If They Can Do It: 'Reality' show challenges contestants to balance the budget

NEWYou can now listen to Fox News articles!

Ever watched “American Idol” and wished the contestants were debating the federal budget instead of belting out tunes?

Okay, so that's probably never crossed your mind. But an in-the-making series is trying to capture the "Idol" vibe all the same, in a setting where America could vote on political decisions made by ordinary people -- instead of singing talent.

PR professional and creator Tom Carroll is testing the concept of politics reality TV with a lead-off “reality film” called “Big Bad Budget.” Carroll distributed it to public television stations over the summer, and hopes it'll be the first in a series.

He claims the show could “rewrite the rules of American politics” -- despite the fact that all the decisions would, of course, be hypothetical.

Here's the set-up: Carroll and his team took eight ordinary people from Albuquerque, N.M., and challenged them to balance the federal budget in a single weekend. The group, made up of four Republicans, three Democrats and one Democrat-leaning independent, was forced to fight it out until they came up with a way to solve Washington's biggest head-scratcher.

Spoiler alert: the group was able to balance the budget.

But can figuring out the cure for the entitlement crisis really draw an audience like Taylor Hicks' blistering harmonica solos or a Fantasia showstopper?

Not yet, anyway. For now, options for seeing the show are rather limited. A spokesman for PBS told FoxNews.com the movie is being shown on the PBS member station in Albuquerque, but is not part of the national schedule.

It is also scheduled to play on a public access channel in Colorado on Sept. 4. (Carroll claimed they are also in talks with Netflix.)

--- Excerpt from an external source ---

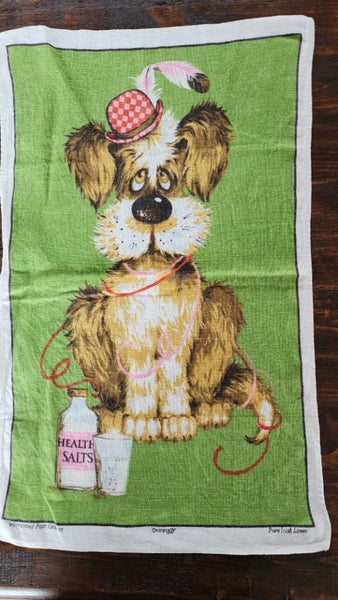 ~" Dunmoy "~ Warranted Fast Colours Pure Irish Linen Vintage Tea Towel "~ Carousel 1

Those who participated in "Big Bad Budget" gave mixed reviews about how effective it could actually be on changing the tide in Washington, which faces an $18 trillion national debt and an annual shortfall that's still about a half-trillion dollars.

One panelist, Seth Heath, told FoxNews.com he doubts the experience really mirrors what it’s like to serve in Congress. “I would hope [members of Congress] are a little more informed,” he said.

In fact, Heath said the whole experience “disheartened” him on politics. Heath, who is a Republican, said he was frustrated by the viewpoints of the Democrats on the team, who he said lived in “la-la land.”

“I don’t have a lot of hope for the future of politics because of how unrealistic people are,” Heath said.

By that measure, the panel may have been a spitting image of Congress.

Participant Jay Rosenblum, though, called the exercise “fascinating.”

“We were well aware that we were not subject to the same pressures or limitations that bedevil Congress ... no lobbyists or constituencies to contend with, no need to fundraise from stakeholders, no need to get re-elected,” Rosenblum, the independent, told FoxNews.com in an email. “Notwithstanding, even though it was a fictional creative exercise without practical limitations, the process of trying to balance the budget was very difficult.”

Carroll, who previously worked as a political consultant, told FoxNews.com he has thought for years that the problems facing Congress could easily be solved by ordinary Americans if they had the chance. So, he said, he decided to put his money where his mouth is. He found the eight people, stuck them in a room and started filming.

Carroll said the fact that the participants were successful proves Congress should be able to do so as well, even though lawmakers must contend with many other outside forces, such as constituents or lobbyists.

Carroll has bigger plans than “Big Bad Budget,” he says. He envisions his reality series doing the same thing multiple times: picking a group of people to come up with solutions to problems currently being duked out in Congress.

Viewers at home could then vote on which solution they preferred. (The budget program did not include this kind of audience participation.)

“We are now $7 trillion in debt,” Carroll said. “At some point, people have to make the decisions that are in the best interest of the country and not necessarily in the best interest of themselves personally. That’s what this is really about.”